TASK DATA

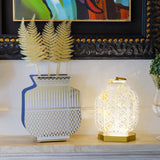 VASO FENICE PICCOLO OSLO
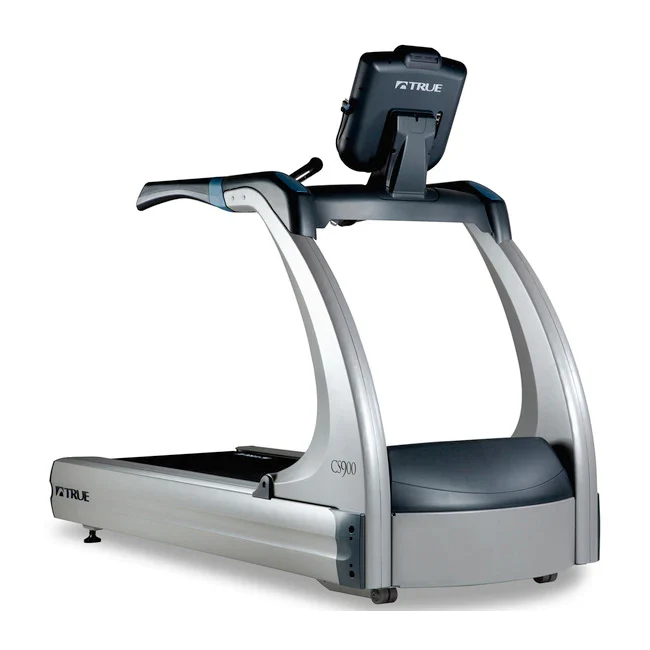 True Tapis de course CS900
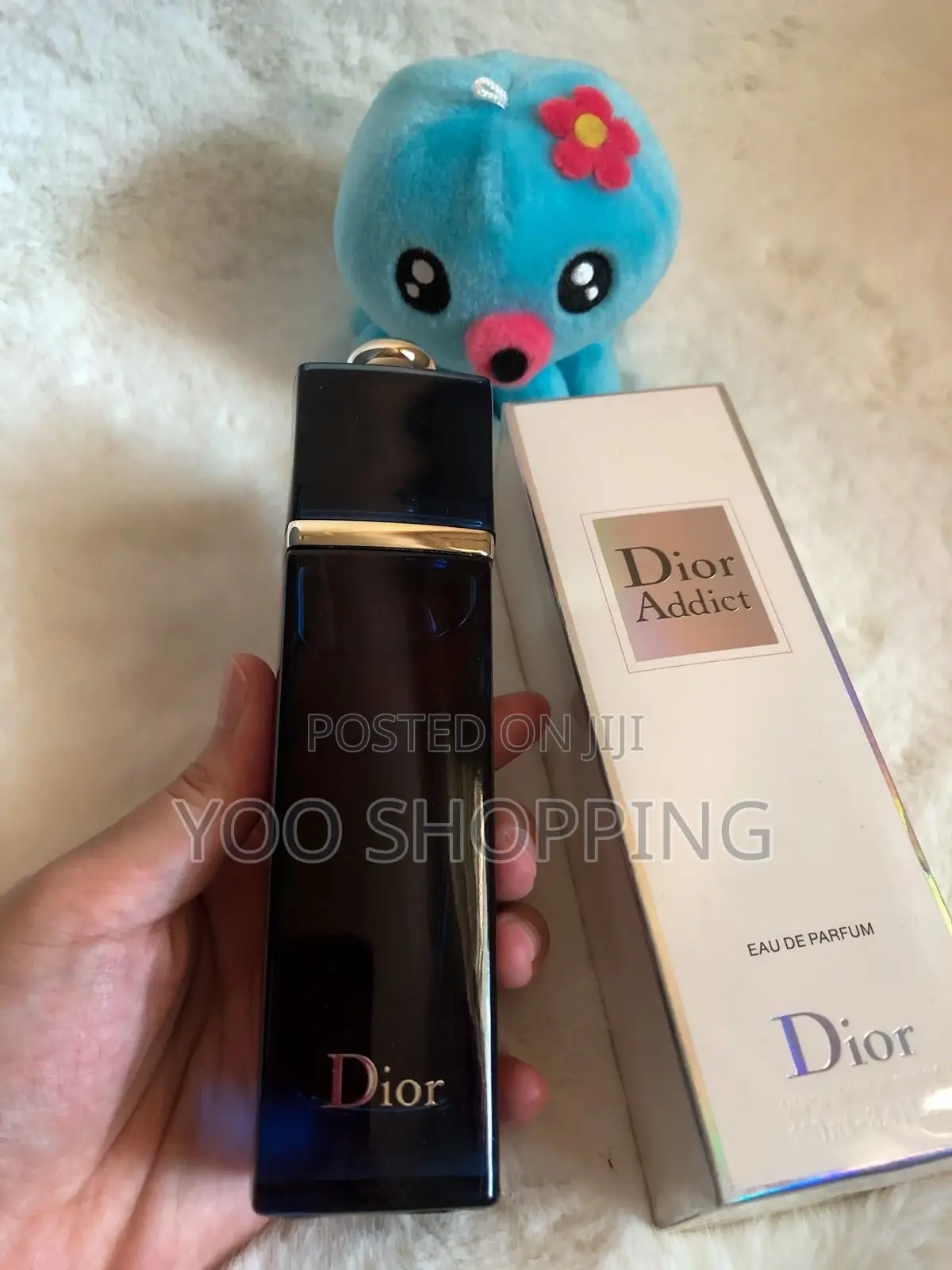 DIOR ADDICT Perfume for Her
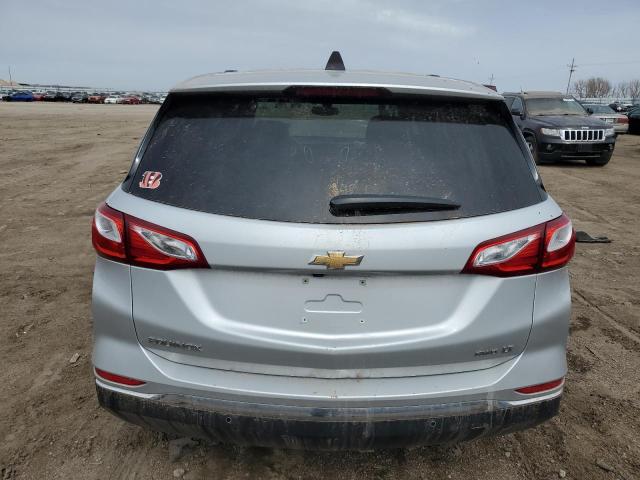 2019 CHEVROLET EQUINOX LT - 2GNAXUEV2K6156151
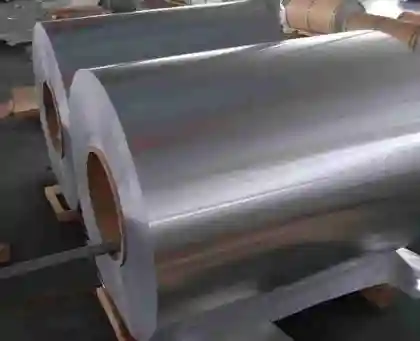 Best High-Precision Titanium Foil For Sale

---

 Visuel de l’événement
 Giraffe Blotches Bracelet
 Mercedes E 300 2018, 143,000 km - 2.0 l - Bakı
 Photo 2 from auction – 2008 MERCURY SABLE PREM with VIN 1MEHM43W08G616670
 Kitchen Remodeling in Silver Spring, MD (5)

==

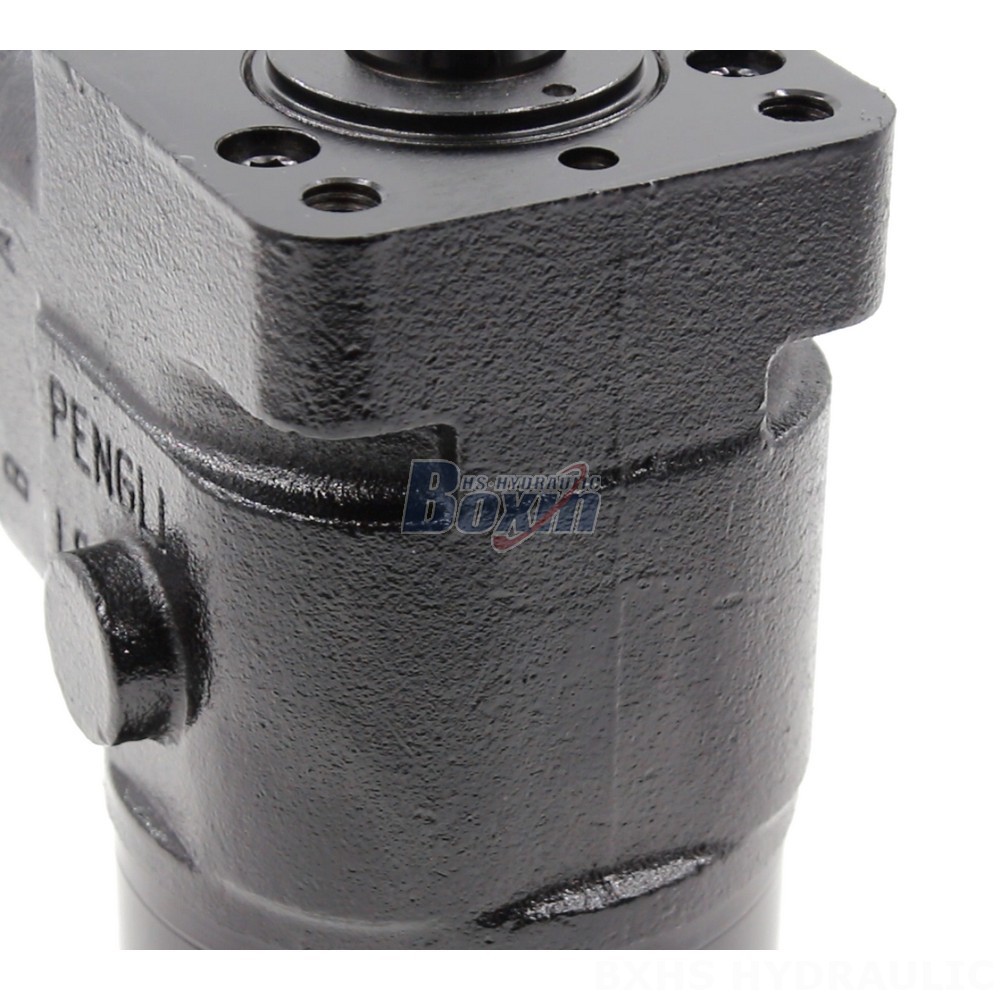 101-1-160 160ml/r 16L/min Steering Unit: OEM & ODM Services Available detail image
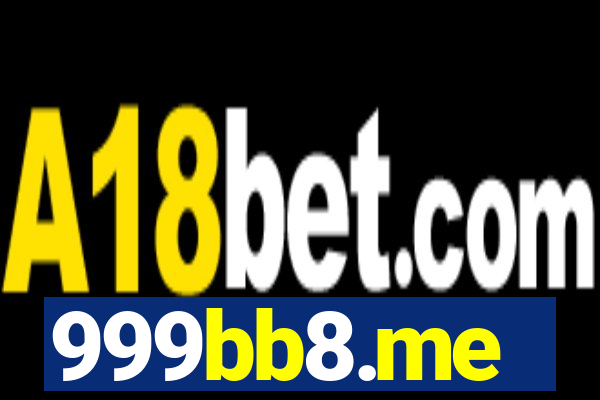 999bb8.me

TASK INSTRUCTIONS
Copy word for word the lines above, starting at the line containing "DIOR ADDICT Perfume for Her" and ending at the line containing "Best High-Precision Titanium Foil For Sale", inclusive, with no pictures.

SOLUTION TO THIS TASK
 DIOR ADDICT Perfume for Her
 2019 CHEVROLET EQUINOX LT - 2GNAXUEV2K6156151
 Best High-Precision Titanium Foil For Sale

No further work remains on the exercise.